I will be recommending this book to my college students and the parishioners- especially young adults- who are at the campus ministry center where I work. This book is a delight, and is the perfect length!
When I came to appreciate its structure as at of a memoir, rather than a guidebook, I was initially disappointed, but I am quite glad I stuck with it. Ms. Weber writes very engagingly, and I was eager to return to her work each night in my downtime. Her stories of a young single woman in NYC trying to complete works form every category of the works of mercy enumerated in the Sermon on the Mount are touching and challenging. Not a How-to, for sure, but definitely a "couldn't-you...?," in an inspirational, and not in the least heavy-handed way.
It does not go into depth on the full meanings of "feed the hungry, visit the sick, etc ...", but it's fun and an easy read. It doesn't quite live up to its subtitle, since it doesn't give much new information on how to help without quitting our jobs. I would love to read a sequel about how she took these brief experiences and made a life of mercy.

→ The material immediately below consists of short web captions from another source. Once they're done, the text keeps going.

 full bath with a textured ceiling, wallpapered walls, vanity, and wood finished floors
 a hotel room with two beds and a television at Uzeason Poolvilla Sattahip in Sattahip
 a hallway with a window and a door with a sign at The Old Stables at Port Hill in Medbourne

“’You shall love the Lord your God with all your heart, and with all your soul, and with all your mind.’ This is the greatest and first commandment. And a second is like it: ‘You shall love your neighbor as yourself’” (Mt. 22:37-39). Jesus’ prescription for living a good life summarizes the Law and the Prophets, and is as fresh and valid two thousand years later as it was then. Jesus, in “The Good Samaritan” parable, makes it clear that one’s neighbor isn’t just the guy next door, but even your enemy. How, exactly, do you “love your neighbor”? Here the Church provides biblically based precepts for living out Jesus’ Great Commandment. The Works of Mercy, seven corporal (e.g., feed the hungry, visit the imprisoned) and seven spiritual (e.g., forgive offences willingly and comfort the afflicted), give concrete ideas. As Weber shows, they’re not as easy to practice as they might seem.
One Lent, Weber resolves to engage in all of the Corporal Works of Mercy. She does not claim to be some sort of Super-Catholic; quite the contrary, her struggles are those of any person: the difficulty of waking up early to serve in a bread line, the discomfort of engaging with street people, the embarrassment of public displays of faith (in her case, literally taking up the cross on the way to Times Square). She is earnest, and not perfect. She easily stands in for each one of us.

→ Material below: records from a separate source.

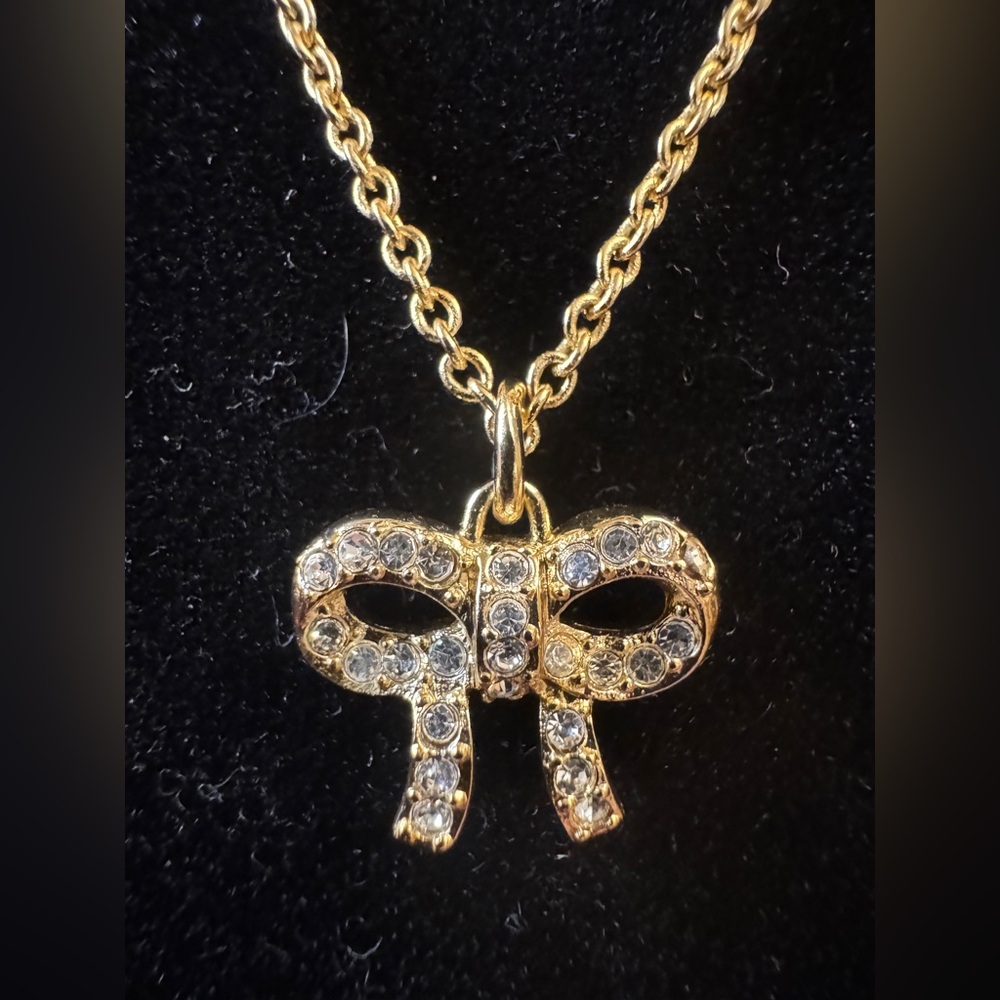 Coach Elegant Gold Rhinestone Bow Pendant Necklace
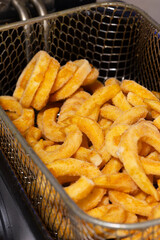 Frozen curly fries, coated in herbs and spices, cooking in a deep fat fryer basket.  Fast food concept
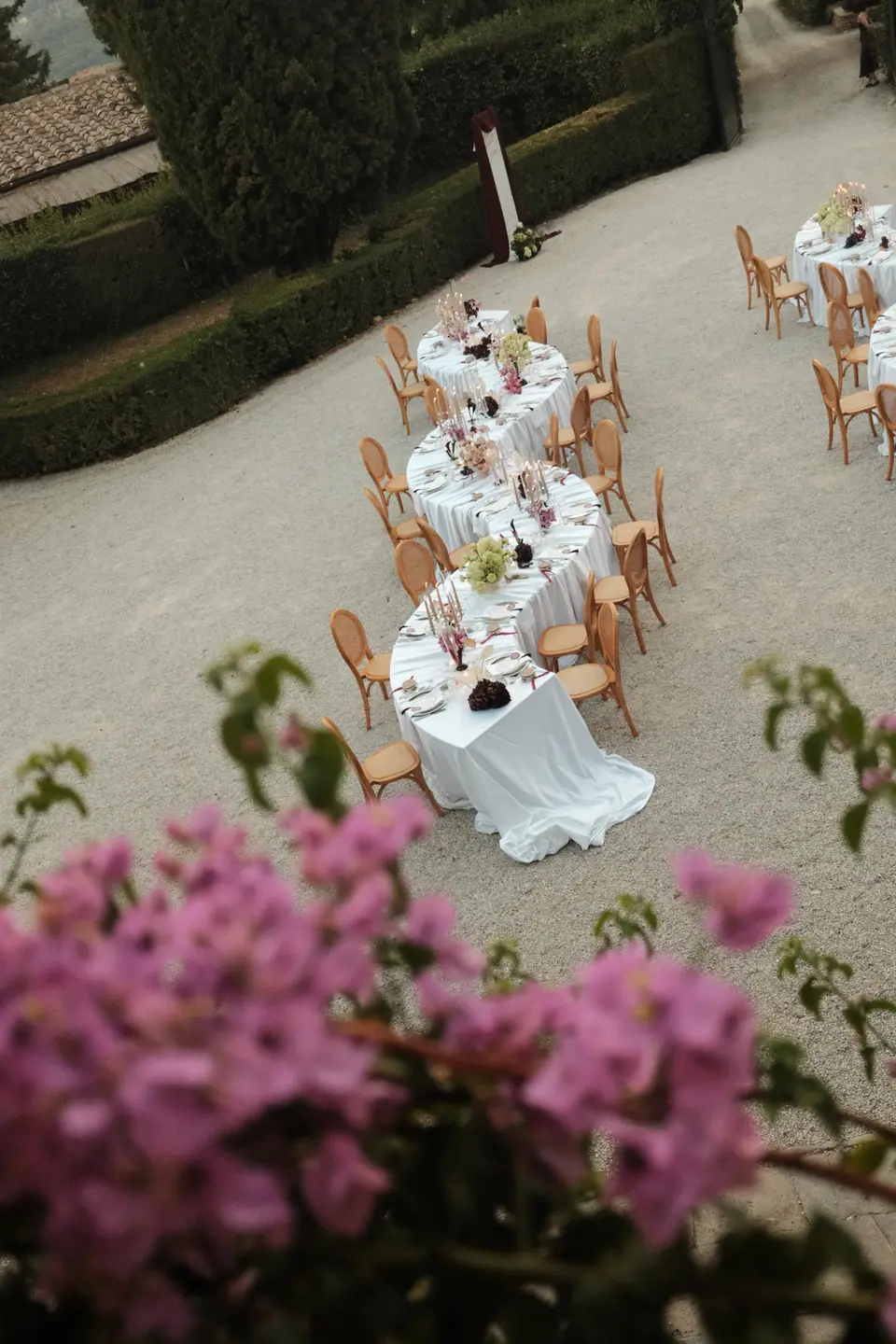 The courtyard tables seen past pink bougainvillea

Some of the activities Weber takes up are common, such as the aforementioned bread line, and others, like interacting with prisoners and the Jesuit chaplain of San Quentin not so. Obviously, trying to cover the Works of Mercy, even just the corporal ones, over the 40 days of Lent is a challenge. As a goal, it may be a little gimmicky and doesn’t speak of commitment. But in the end, as if to head off that potential criticism, Weber takes a major step towards making a permanent commitment to the Works of Mercy.
The everydayness of her path to getting there, though, is what makes this book speak so well to the average Catholic—if only they’ll make the small effort to pick this up. The book would make a good gift for that friend (or oneself) who’s always saying he or she wants to get involved with some charitable work, but never quite takes that first step. Weber provides a good dose of moral support. Loyola Press might consider, for future additions, an appendix with links and phone numbers of the larger establishments that provide volunteer opportunities in the Works of Mercy.
Another great reason to buy this book right now for a friend, family member or yourself is that Pope Francis, for whom “mercy” is a key theme of his papacy, has named 2016 as the Jubilee of Mercy. This book will help you join millions of Catholics and other fellow Christians (and Jews, Moslems, “Nones,” and atheists) in celebrating and performing Works of Mercy during the Jubilee and, one hopes, beyond.